* Work instructions *
Lines from the one containing "米林科维奇在ins上抒发了我方的应承之情体育最新信息" through the end of the material are to be retyped exactly; do not copy pictures.

* Entries shown *
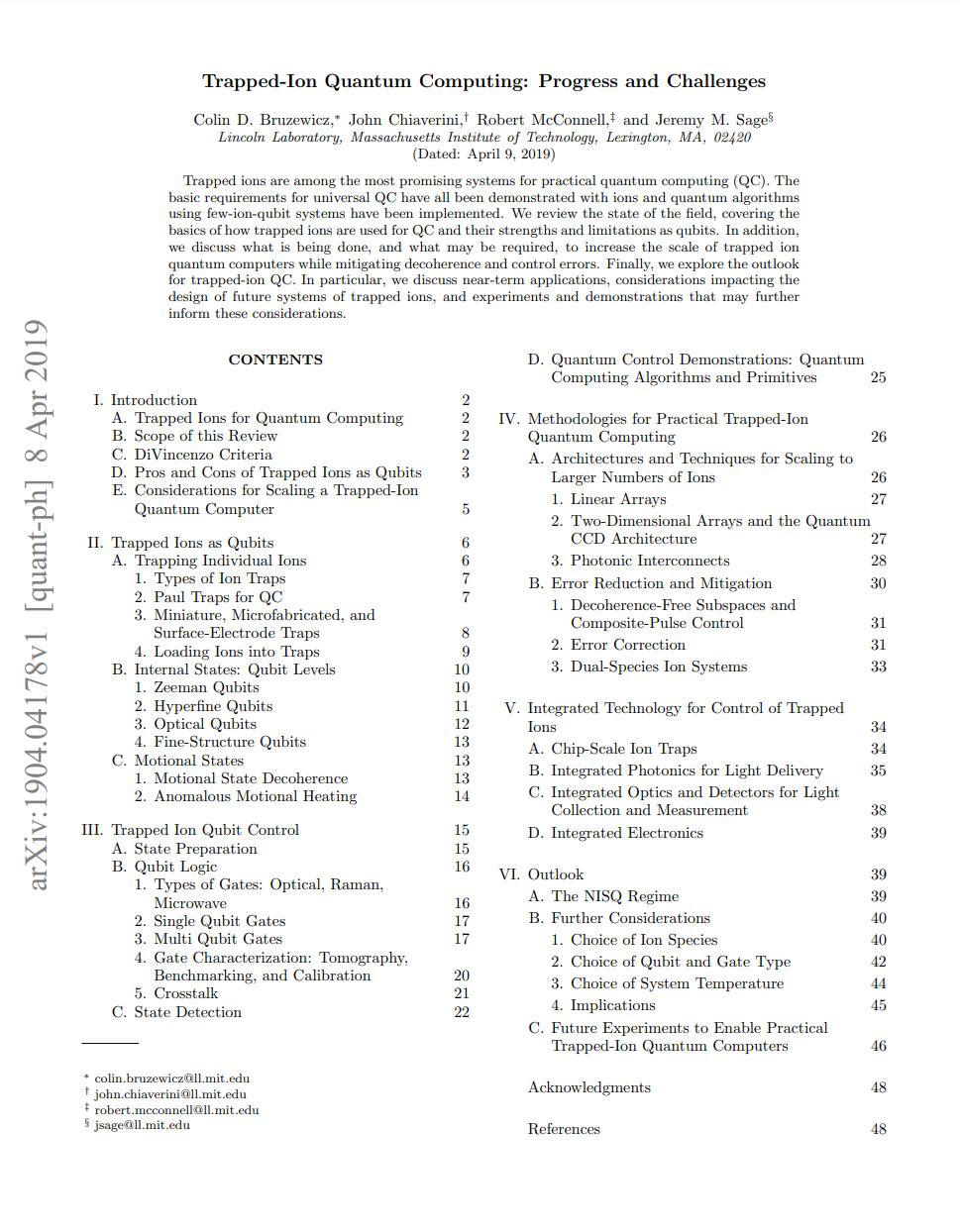 Trapped-Ion Quantum Computing: Progress and Challenges, Bruzewicz et. al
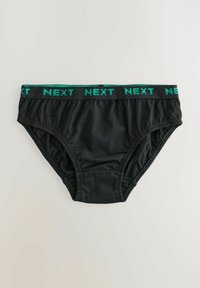 Chiloți negri din bumbac cu talie elastică, decorată cu textul repetat "NEXT" în verde. Textură netedă cu laterale strânse pentru o potrivire confortabilă.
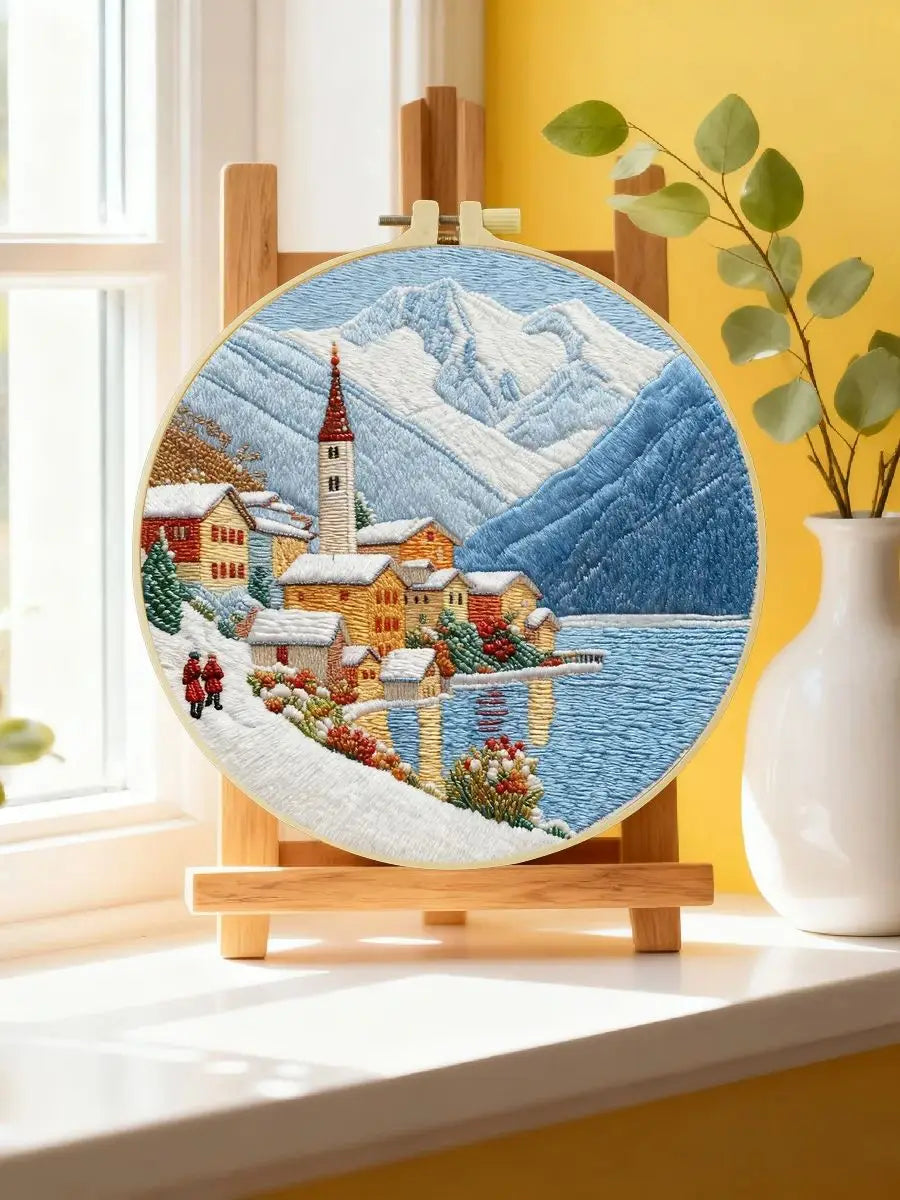 Snowy Mountain Village Embroidery Kit – Winter Alpine Landscape DIY Sewing Craft, Scenic Lake Hoop Wall Art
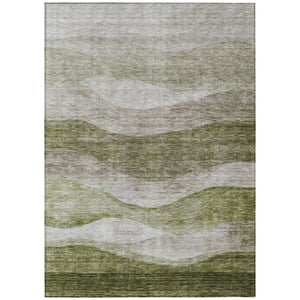 HomeRoots 5' Stylish Green and Beige Abstract Area Rug – Durable, Washable, Perfect for Indoor and Outdoor Use 8' X 10' 604974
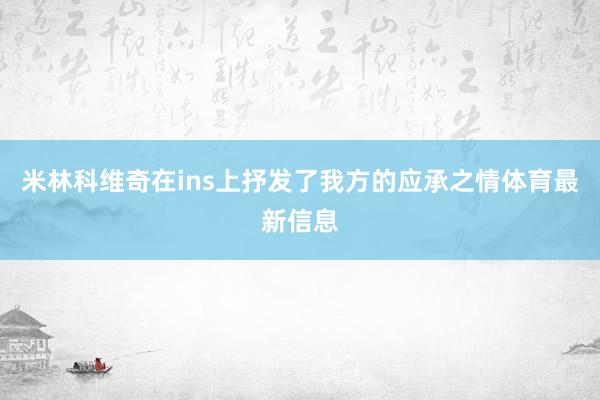 米林科维奇在ins上抒发了我方的应承之情体育最新信息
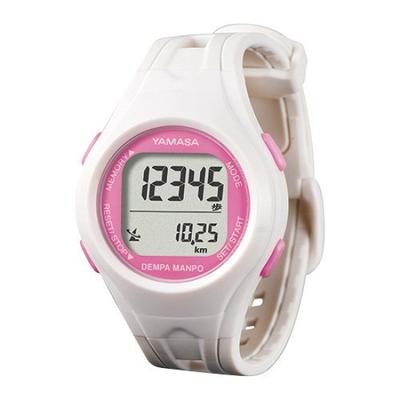 YAMASA Watch Pedometer Pedometer Radio Digital DEMPA MANPO 36mm White Pink Only Worn On the Top of the Left Wrist Walking Stroll Watch [Ohira Sangyo]
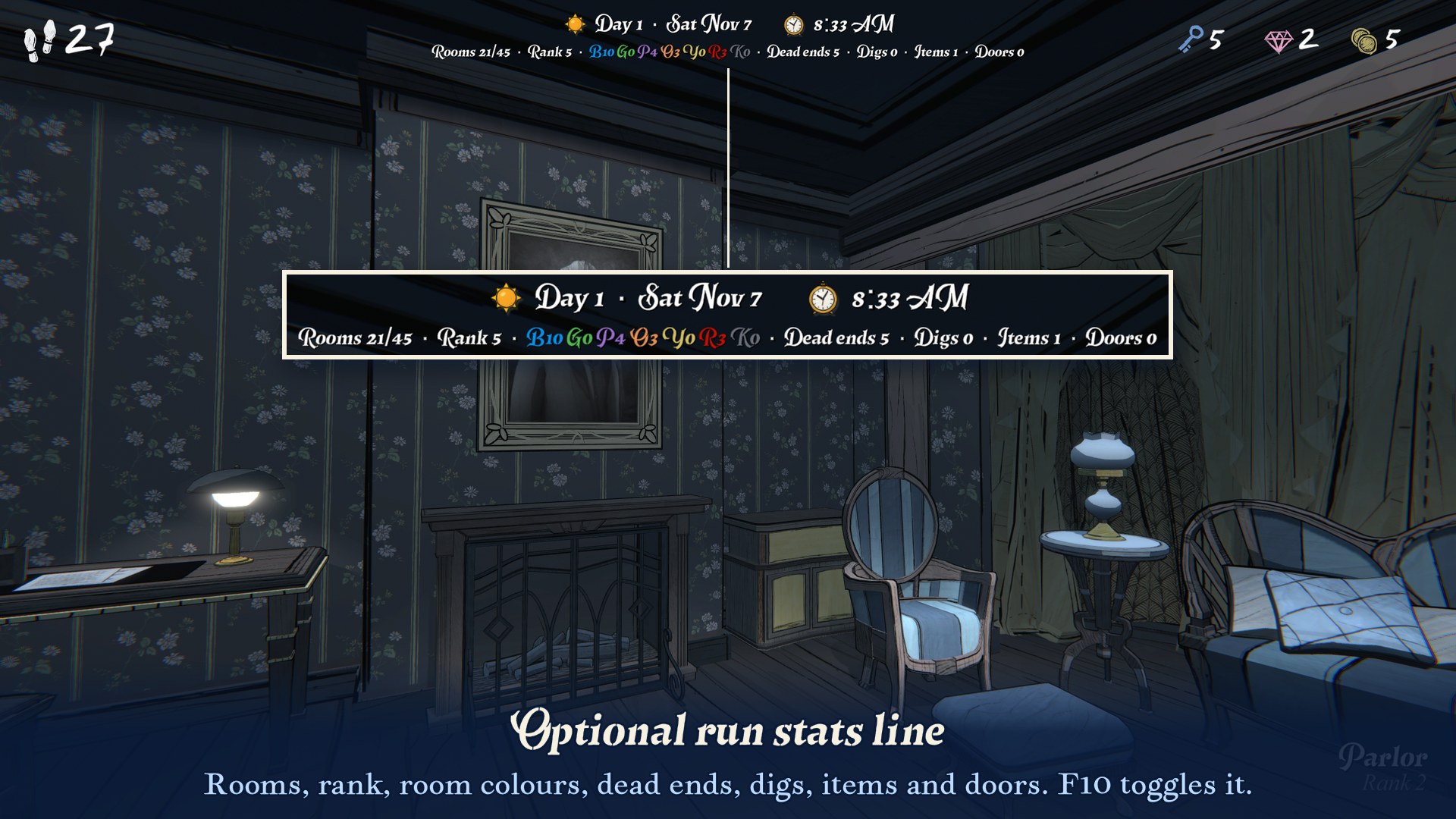 The optional run stats line under the clock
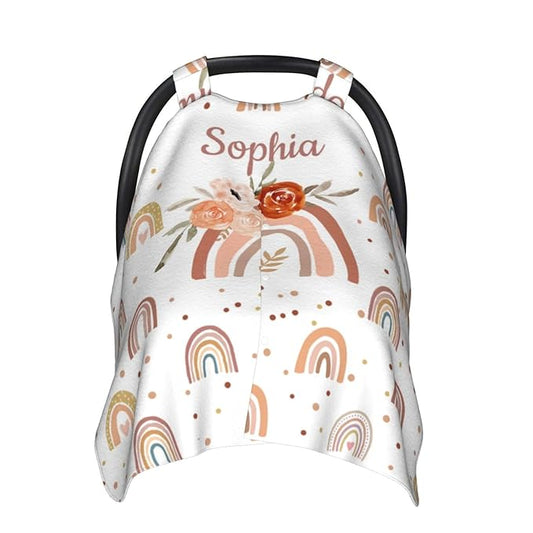 Custom Baby Car Seat Canopy with Name, Personalized Stroller Baby Car Seat Covers for Girls, Minky Nursing Carseat Cover for Breastfeeding, Car Seat Canopies for Infant Newborn(Rainbow)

* Result below *
 米林科维奇在ins上抒发了我方的应承之情体育最新信息
 YAMASA Watch Pedometer Pedometer Radio Digital DEMPA MANPO 36mm White Pink Only Worn On the Top of the Left Wrist Walking Stroll Watch [Ohira Sangyo]
 The optional run stats line under the clock
 Custom Baby Car Seat Canopy with Name, Personalized Stroller Baby Car Seat Covers for Girls, Minky Nursing Carseat Cover for Breastfeeding, Car Seat Canopies for Infant Newborn(Rainbow)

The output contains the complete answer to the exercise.